Kann man den bZ4X empfehlen?
Ja, es ist durchaus ein gutes Auto, aber eben nur ein mittelmäßiges Elektroauto. Man bekommt definitiv viel Platz im bZ4X, hinten als auch vorne. Des Weiteren bietet er genügend Leistung, um im Straßenverkehr auch überholen zu können. Wir hätten uns im Endeffekt ein etwas besseres Infotainment mit Laderoutenplanung und für den Preis weniger Klavierlack und Hartplastik im Innenraum gewünscht. Auch außen am Fahrzeug findet man viele Kunststoffe, die sehr attraktiv für Kratzer sind. Für die meisten dürfte die Reichweite ausreichend sein.
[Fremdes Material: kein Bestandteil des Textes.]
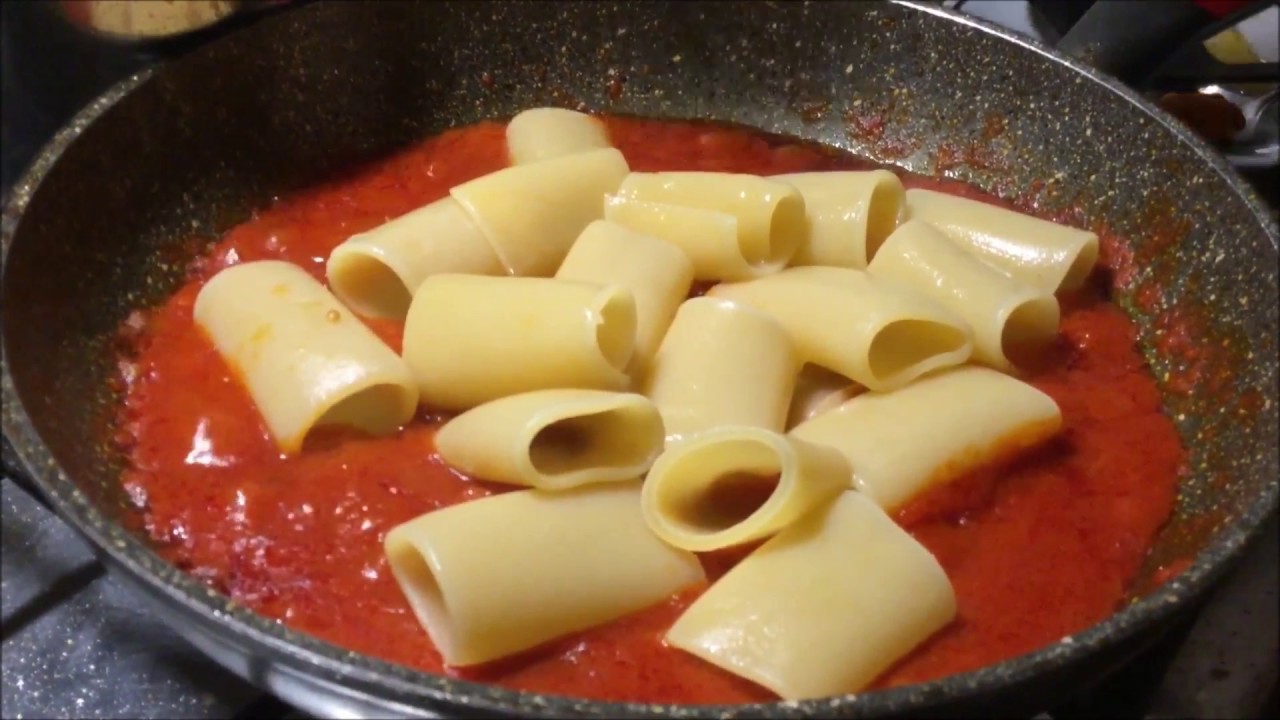 Paccheri alla "scarpariello"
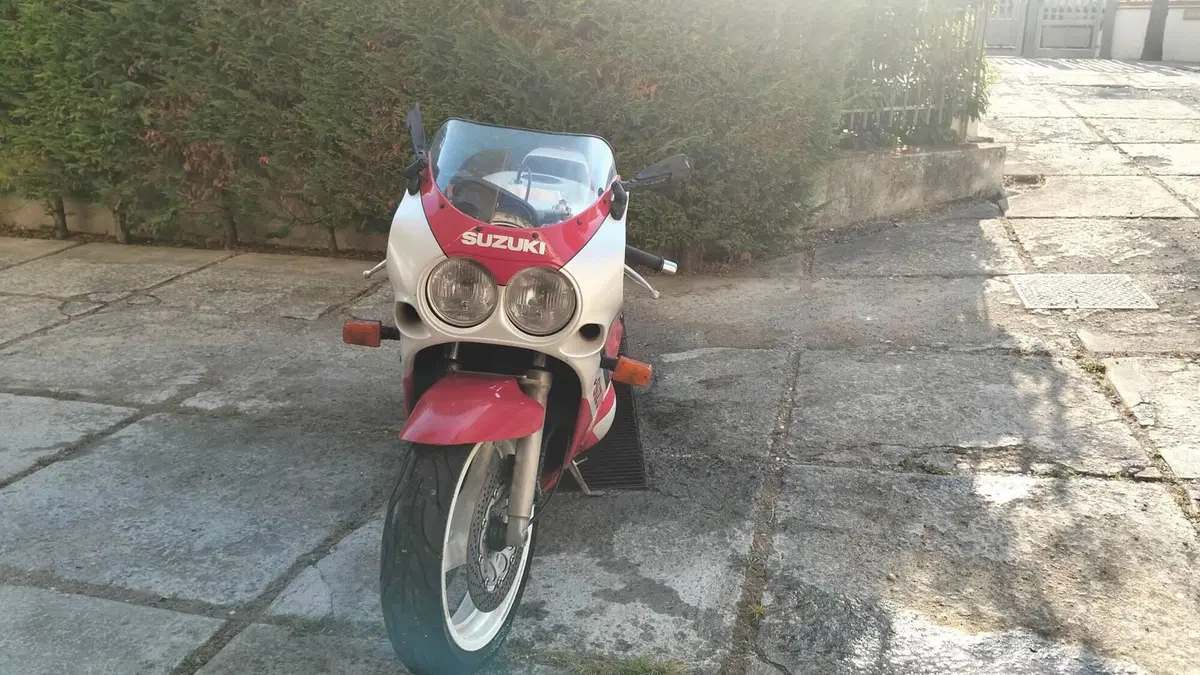 Suzuki GSXR 750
Dennoch wäre ein größerer Akku wünschenswert, da wir hier schließlich schon einen großen, ID.5 ähnlichen SUV vor uns haben. Die Preise sind definitiv noch etwas zu hoch für das Gebotene, da sollte man auch mal einen Blick über die Konkurrenz schweifen lassen. Dort bekommt man unter Umständen mehr vom Gewohnten. Wenn man schon lange an Toyota gewohnt ist und ein SUV aus japanischem Haus fahren möchte, dann sollte man sich den Nissan Ariya mal genauer ansehen. Dort, finden wir, bekommt man eine deutlich höhere Innenraumqualität.